# WHAT YOU WILL DO
The task for the listing below is to write out exactly the lines starting at the one containing "used 2022 Chevrolet" and ending at the one containing "Le logo de l'Université de la Saskatchewan.", both included. Pictures are to be omitted.
[INFORMATION Boundary: Start]
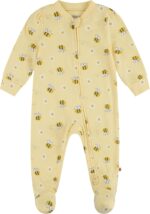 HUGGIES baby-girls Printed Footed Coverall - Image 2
[INFORMATION Boundary: End]
[INFORMATION Boundary: Start]
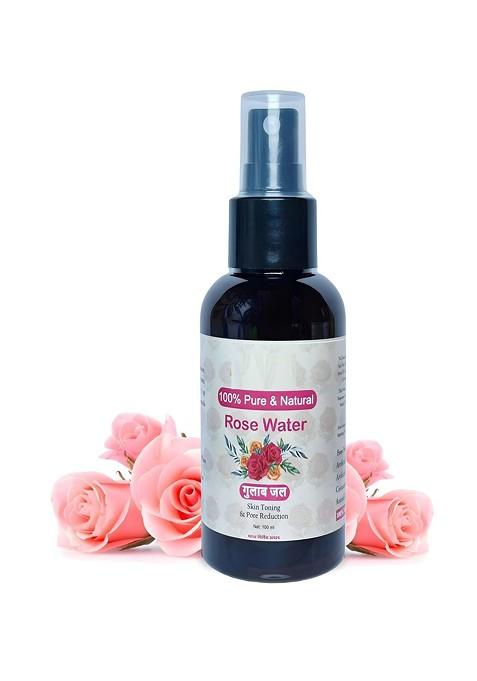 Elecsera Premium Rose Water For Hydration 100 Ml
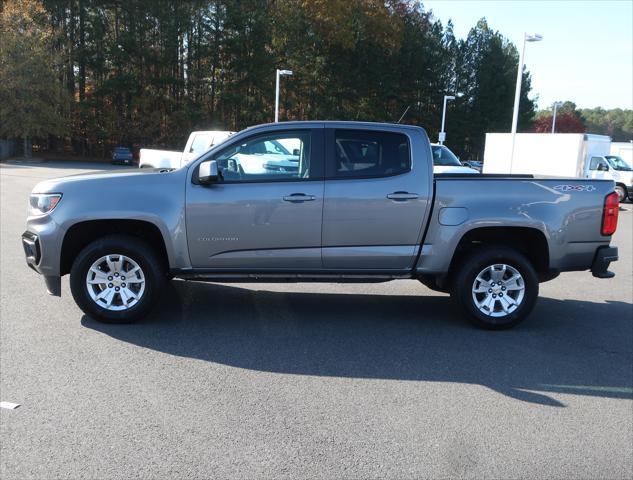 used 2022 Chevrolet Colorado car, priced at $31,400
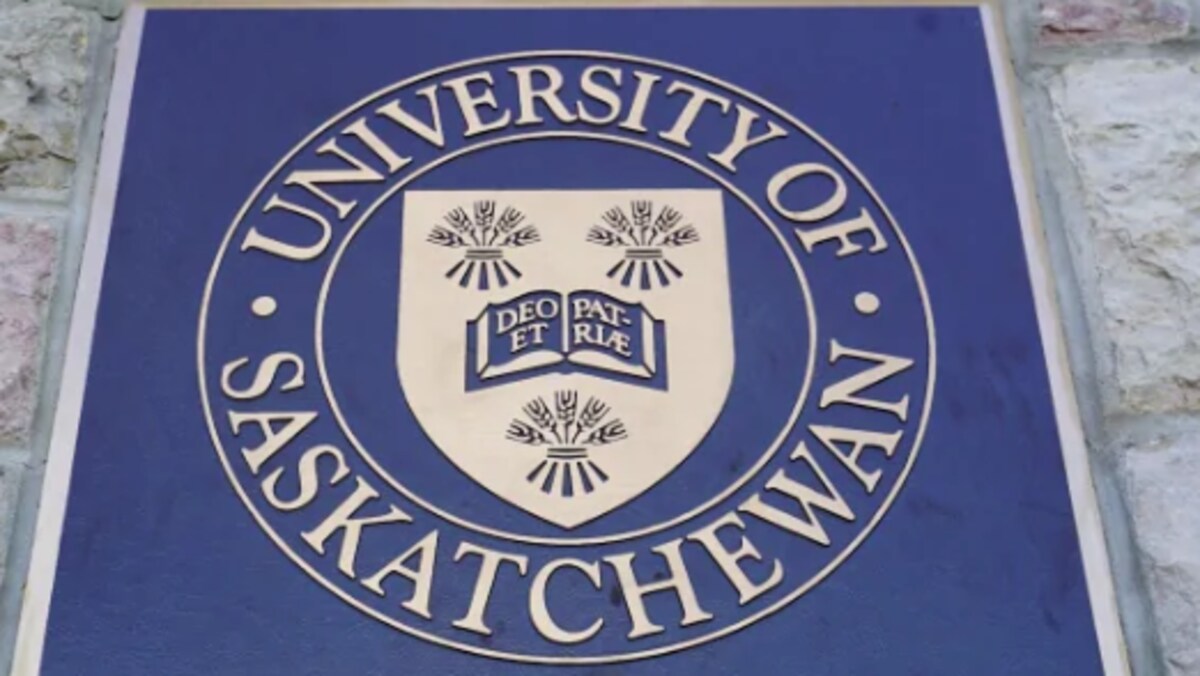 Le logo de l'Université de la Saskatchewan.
[INFORMATION Boundary: End]
[INFORMATION Boundary: Start]
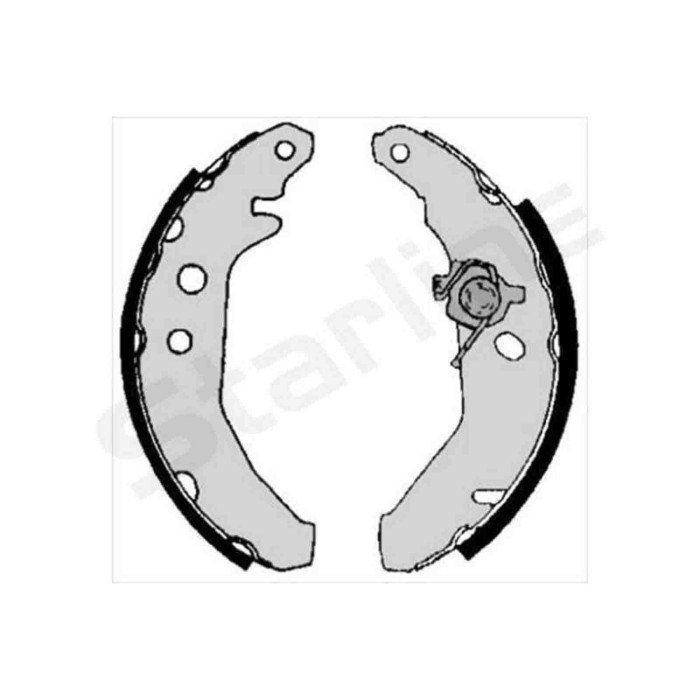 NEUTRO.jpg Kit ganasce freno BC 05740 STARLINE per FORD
[INFORMATION Boundary: End]
# YOUR RESPONSE
 used 2022 Chevrolet Colorado car, priced at $31,400
 Le logo de l'Université de la Saskatchewan.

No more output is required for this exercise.